Нерич напряженно ждал ответа Божены. Ждал и Обермейер. Милаш видел: полуобернувшись к ним, Обермейер старался поймать не только каждое слово, но и каждый звук: звон бокала, стук вилки или ножа, — каждый звук, который передавал состояние людей, сидевших за соседним столиком. Казалось, Обермейер совсем изолировал себя от шума ресторанного зала, не слышал музыки, не замечал людей. Он видел и слышал только Нерича, Божену и Марию. Нерич сидел прямо и неподвижно. Сейчас будет решена судьба — не его судьба, а судьба Божены. Не ведая того, она отдаст себя в руки Обермейера. Как паук, он высосет из нее всю кровь, задушит в ней все живое, а потом, потом… или доведет ее до самоубийства, или бросит в застенки гестапо. Чьими руками он сделает это? Руками Милаша Нерича, который сейчас просит руки Божены и клянется, что будет счастлив видеть ее своей женой. О, если бы он нашел в себе силы шепнуть ей: «Откажи мне, Божена, ты идешь на гибель»… Но Милаш молчал. Он боялся Обермейера.

— Почему вы молчите, Милаш? — неожиданно спросила Божена.

Мария искренне расхохоталась. Нерич смутился.

— Разве вы не поняли меня, Божена?

Подняв бокал, Божена отпила глоток. Ей было и весело, и страшно, и смешно. Ну можно ли говорить об этом здесь, в шумном локале, под взглядами чужих людей? Если бы они сидели дома или шли по набережной, занесенной снегом… Одни, совсем одни. Тогда она все рассказала бы ему о своей любви, о своих мечтах и надеждах, она убедила бы его в том, что сейчас они не могут соединить свои жизни, нужно подождать, когда пронесутся черные тучи над родиной и снова проглянет солнце. Об этом просил отец, и она обещала исполнить его просьбу. И когда совершится это, они уже не разлучатся никогда.

— Вы очень добрый и чуткий, Милаш. Вы так много сделали для меня и для отца. Я искрение благодарна вам.

Все свои надежды Нерич строил на том, что Божена откажет ему. Только в этом он видел ее спасение. Но вдруг в нем заговорило самолюбие мужчины. «Неужели Божена скажет „нет“? Сейчас, здесь, в присутствии Марии и Обермейера унизит его?»
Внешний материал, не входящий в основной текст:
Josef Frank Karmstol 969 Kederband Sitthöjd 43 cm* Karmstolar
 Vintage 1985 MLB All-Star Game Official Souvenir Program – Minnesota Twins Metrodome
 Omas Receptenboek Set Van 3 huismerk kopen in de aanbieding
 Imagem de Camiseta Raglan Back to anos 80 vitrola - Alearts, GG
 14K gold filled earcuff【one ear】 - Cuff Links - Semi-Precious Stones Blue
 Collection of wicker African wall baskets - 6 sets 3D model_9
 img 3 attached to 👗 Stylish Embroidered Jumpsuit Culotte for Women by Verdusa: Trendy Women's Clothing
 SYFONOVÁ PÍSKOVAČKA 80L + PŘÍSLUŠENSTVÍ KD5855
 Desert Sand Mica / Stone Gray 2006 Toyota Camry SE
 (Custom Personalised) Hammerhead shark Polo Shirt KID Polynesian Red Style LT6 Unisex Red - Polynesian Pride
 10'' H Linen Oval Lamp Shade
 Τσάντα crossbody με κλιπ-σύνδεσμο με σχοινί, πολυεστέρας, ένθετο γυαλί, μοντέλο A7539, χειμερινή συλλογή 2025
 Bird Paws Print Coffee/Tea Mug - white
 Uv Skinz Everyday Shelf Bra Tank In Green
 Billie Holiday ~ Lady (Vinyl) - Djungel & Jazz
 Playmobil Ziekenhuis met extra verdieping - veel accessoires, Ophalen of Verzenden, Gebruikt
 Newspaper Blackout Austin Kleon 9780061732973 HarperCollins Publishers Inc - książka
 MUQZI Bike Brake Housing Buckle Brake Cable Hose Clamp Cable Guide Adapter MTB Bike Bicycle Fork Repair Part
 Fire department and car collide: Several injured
— Речь идет не о моих мелких услугах и не о вашей благодарности, — выговорил он, испытывая стыд и нетерпение. — Я прошу вас стать моей женой.

— Я понимаю, Милаш… Поверьте, я всегда думала об этом как о счастье. Но временно это невозможно.

У Нерича отлегло от сердца. Такой поворот дела его устраивал! Божена согласна, но какие-то веские и важные причины мешают ей теперь же стать его женой. «Слышишь, Мориц?» — мысленно обратился он к Обермейеру и открыто повернулся к соседнему столику. Гестаповец с бесцеремонной наглостью разглядывал Божену и Марию. Взгляд его перешел на Нерича. Обермейер сдвинул брови и прищурил глаза. Он был явно недоволен Милашем. «В чем дело? — казалось, говорил он. — Почему заминка? Действуй, настаивай, упорствуй!» Холодок пробежал по спине Нерича — нет, пытка его продолжалась.